Task to complete:
Set down, please, the line that contains "A vivid and" and every line that follows it to the end of the records, exactly; do not include pictures.

Data under study:
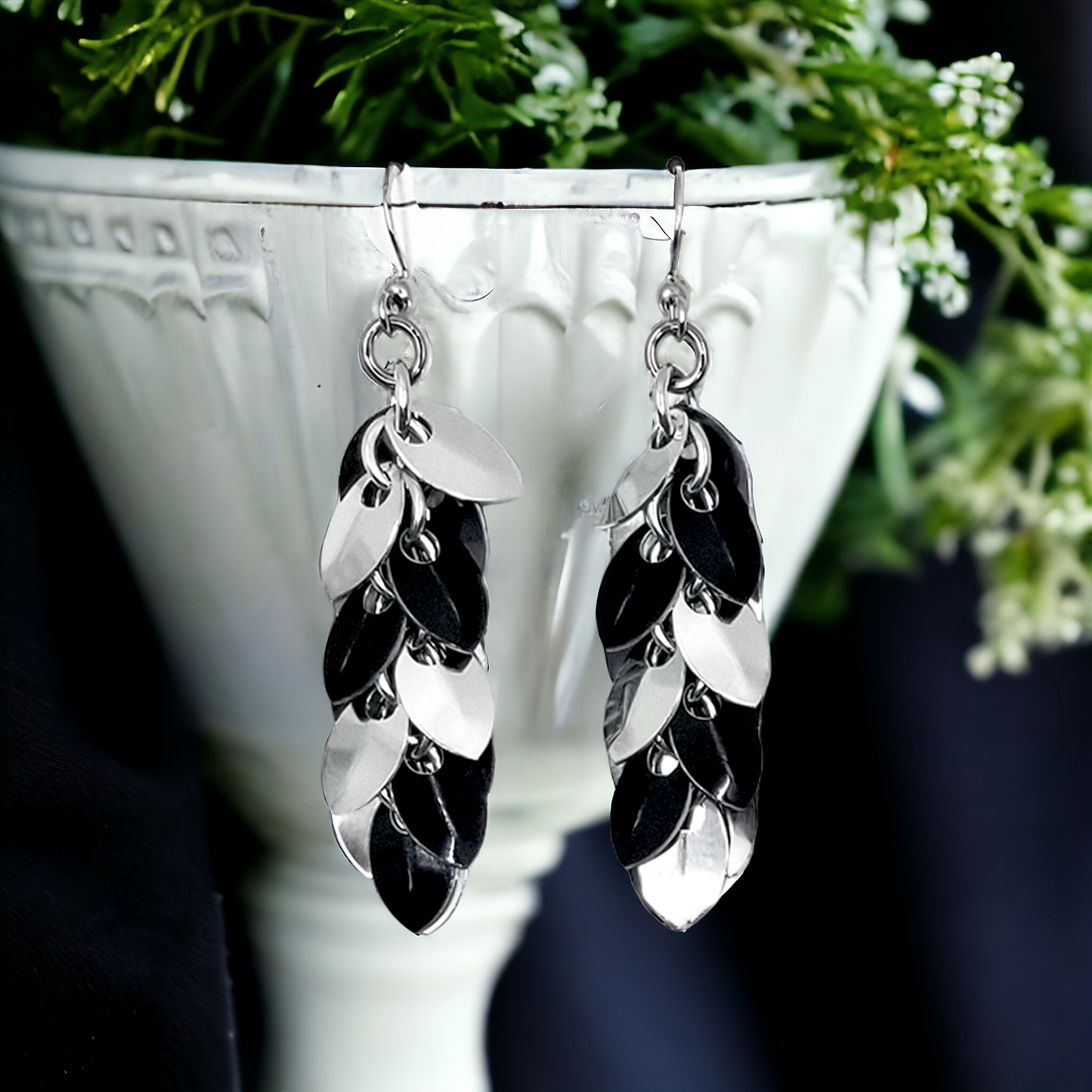 Black and Silver Shaggy Scale Earrings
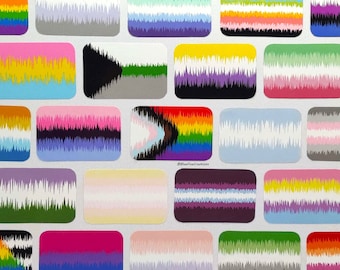 May include: A collection of 16 different pride flag stickers with a wavy, textured design. The flags include the transgender, non-binary, lesbian, gay, bisexual, pansexual, asexual, and genderfluid flags.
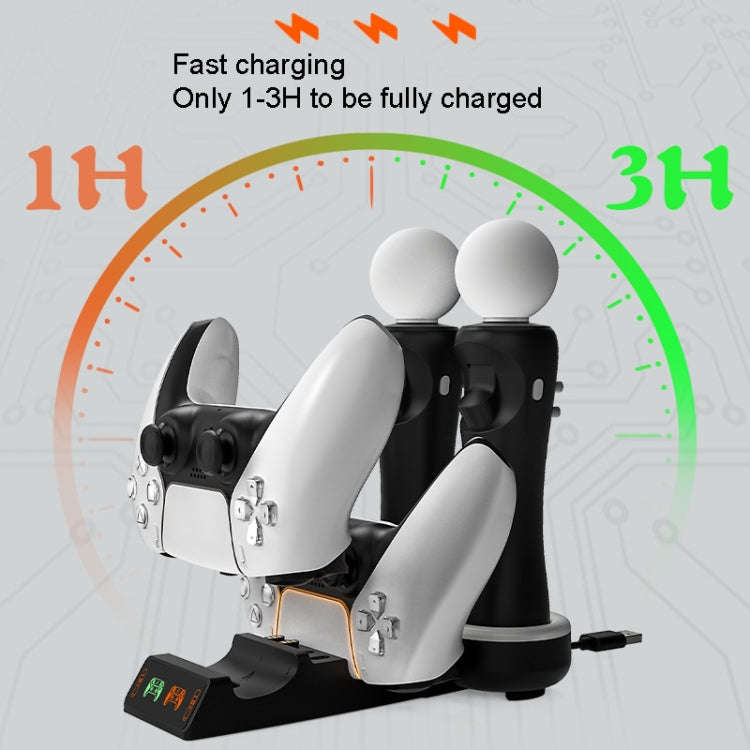 Iplay HBP-301 For PS5 / PS VR MOVE Controller Handle Dual Seat Charger 4 In 1 Charger, HBP-301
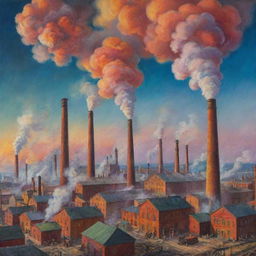 A vivid and colorful interpretation of the Industrial Revolution, showcasing bustling factories, vibrant industrial landscapes with colorful smoke billowing from chimneys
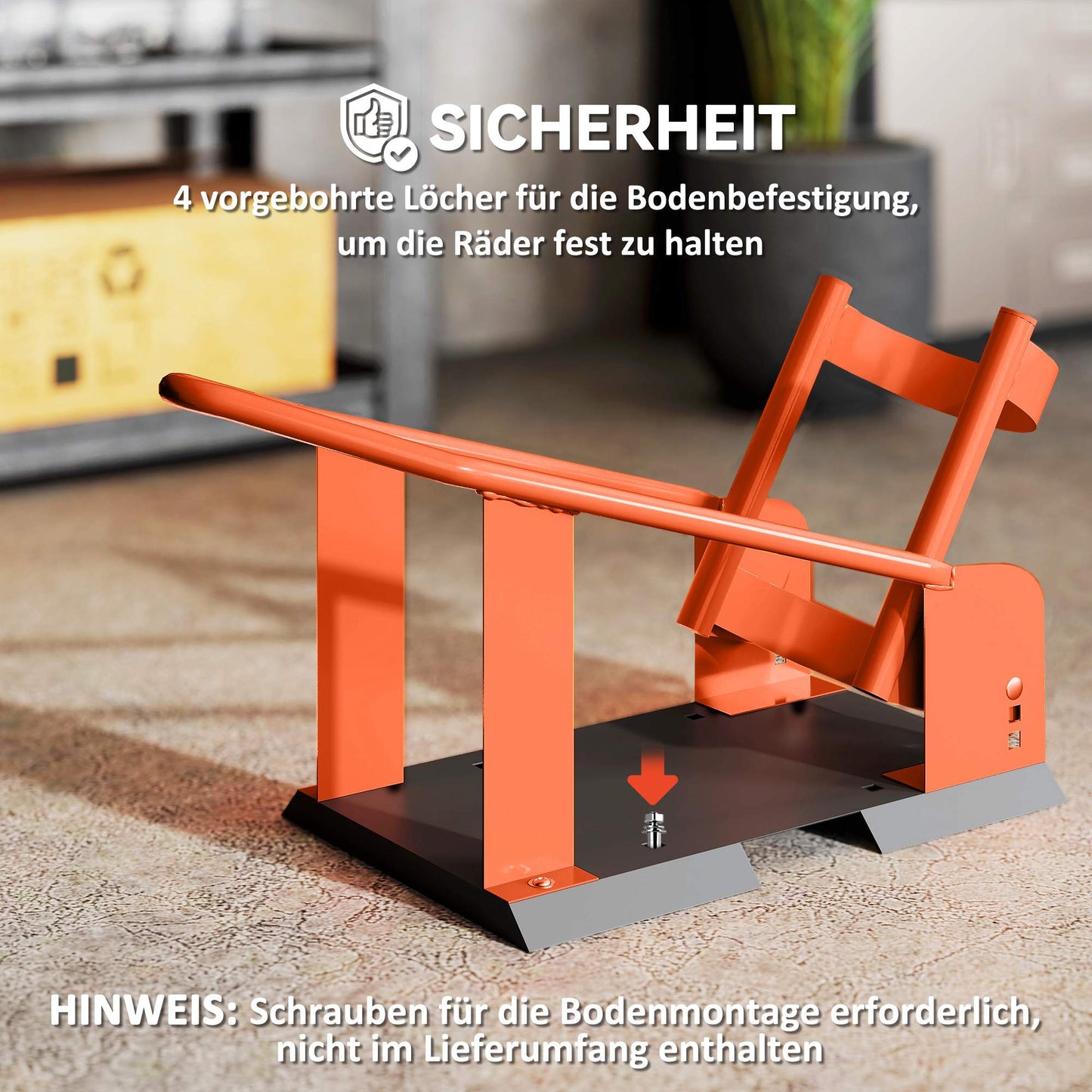 Motorcycle Wheel Chock, Adjustable, Steel, 816.5 kg Capacity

Written solution:
 A vivid and colorful interpretation of the Industrial Revolution, showcasing bustling factories, vibrant industrial landscapes with colorful smoke billowing from chimneys
 Motorcycle Wheel Chock, Adjustable, Steel, 816.5 kg Capacity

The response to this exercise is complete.